El 8 de septiembre, el experto en Big Data mexicano Alberto Escorcia remeció a la opinión pública de Suecia al declarar que ese país, considerado por muchos como un modelo de pulcritud democrática, es en realidad una “república bananera”. Lo decía por la manipulación burda de datos en la red social Twitter de cara a las elecciones suecas del 11 de septiembre. No importa que en Suecia haya mucho frío, no se cultiven bananas y sea un Reino. Todos entienden de qué se habla cuando se habla de “república bananera”.
Es fascinante el origen de esta expresión: la creó el gran maestro del cuento norteamericano Sydney Porter, conocido por su seudónimo O. Henry.
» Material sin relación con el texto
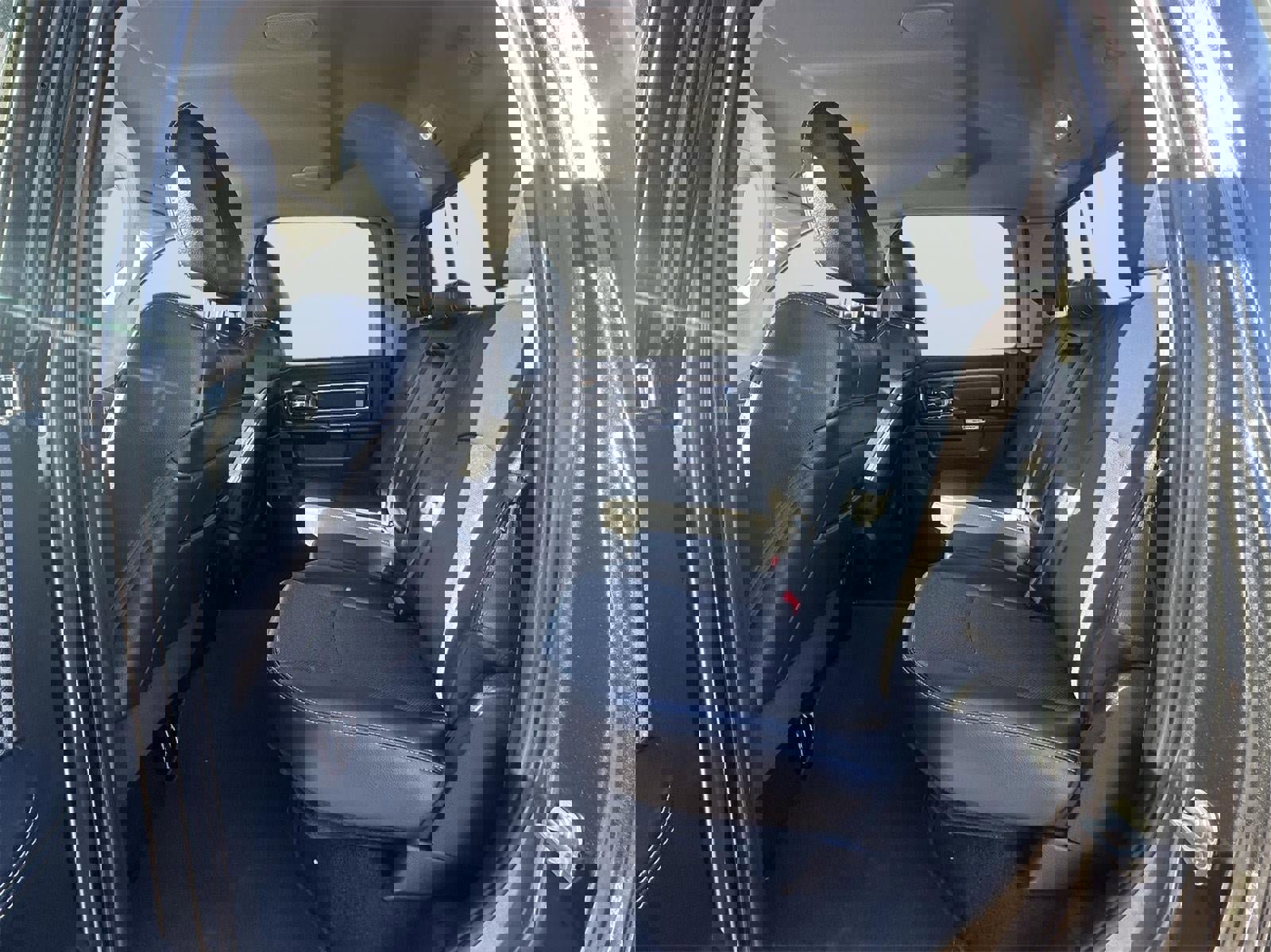 Used 2017 RAM 2500 Laramie w/ Sport Appearance Group image 33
Ninguna antología del cuento norteamericano está completa sin alguno de los suyos, y el principal premio de cuentos de EE.UU. se llama “O. Henry Prize”.
Antes de publicar su centenar largo de cuentos, O. Henry tuvo que huir, acusado de robar fondos en el banco de Texas donde trabajaba. En 1896 se instaló en Honduras, que no tenía tratado de extradición con su país. Allí fue testigo del nacimiento de las empresas bananeras que tres años más tarde se fusionaron en la United Fruit Company: los empresarios corrompían, chantajeaban y daban órdenes a los débiles gobiernos centroamericanos de la época.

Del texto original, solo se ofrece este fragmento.